Yes, I’m speaking of years ago when we received catalogs from J.C. Penny, and Sears Roebuck and Company. As a child, they seemed huge to me, and I spent hours just looking at pictures of all the things that one could buy if they had money.
My parents ordered a tin can sealer to can our meat and vegetables. It was a fascinating machine. After the cans were opened, they were run through the machine and made ready to use them again. Of course, the quarts became pints after a few years, but were certainly an improvement over all of the glass jars. We used to cool them by dumping them in the horse tank to cool, after boiling them for what seemed hours, on the old cooking range. I still own the machine, but have no idea how one could buy tin canning cans today. Of course when my parents used it, we ordered a few new cans each year from the dear catalog.
Mother often ordered “bundles” of cotton fabric remnants to make quilts, potholders etc. It was so exciting to see what the prints were, as there was no choice in a “bundle”
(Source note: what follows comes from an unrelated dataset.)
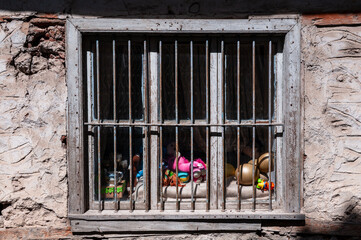 Colorful toys placed on the windowsill.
Well, we got a new catalog every year, and, you guessed it, the old one made a welcome trip to the outhouse to be used as toilet paper.
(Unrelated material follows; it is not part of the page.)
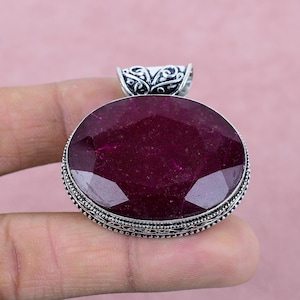 Può includere: Un ciondolo d'argento con una grande pietra di rubino rosso scuro sfaccettata. Il ciondolo ha una balla d'argento decorata.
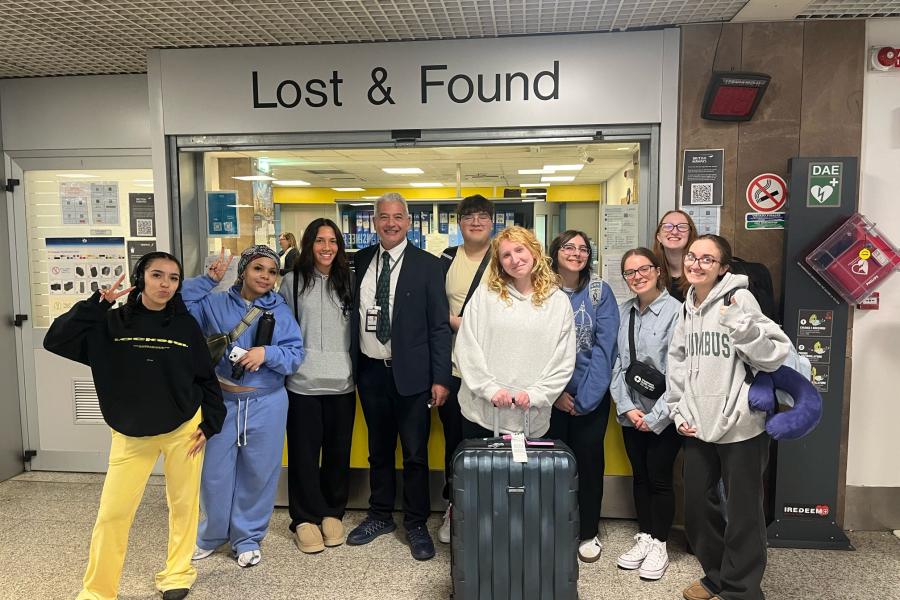 Exploratory students take a photo in front of the lost & Found in the airport.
When the catalog became toilet paper, I was free to cut pictures from it.
I saved all the cardboard backs from our school tablet, (the ones that my grandma didn’t need to put a new “sole” in her shoes,) I could use to paste all the little girls, Mamas, and Daddys, etc. on.
When they were carefully cut out, I made a little cardboard strip to paste to the back to make a little stand, and presto-I had a new paper doll family. (Elmer’s glue?) Oh my no, just a little flour and water mixed together, and I had paste!
Perhaps someone is wondering about the “sole” in Grandma’s shoes. Well, this was during rationing, and we had to make our shoes last a long time. I solved that by going barefoot. (Still the only way to go) Grandma’s shoes had holes in the sole, and so she made the inner sole to protect her feet. She was always willing to let us growing children use her shoe stamp, if we outgrew shoes during the school year.
Somehow, I sort of miss the excitement of receiving the huge catalogs in the mail, and those days of childhood, when every little thing seemed to carry a load of excitement.
That's really interesting history, Verna. I don't think I would like to use catalog pages as TP though lol (unless they were made of softer material). I know exactly what you mean about missing the excitement from old things. That's how I often feel about old material possessions, but now I find endless amazement in God and His Word.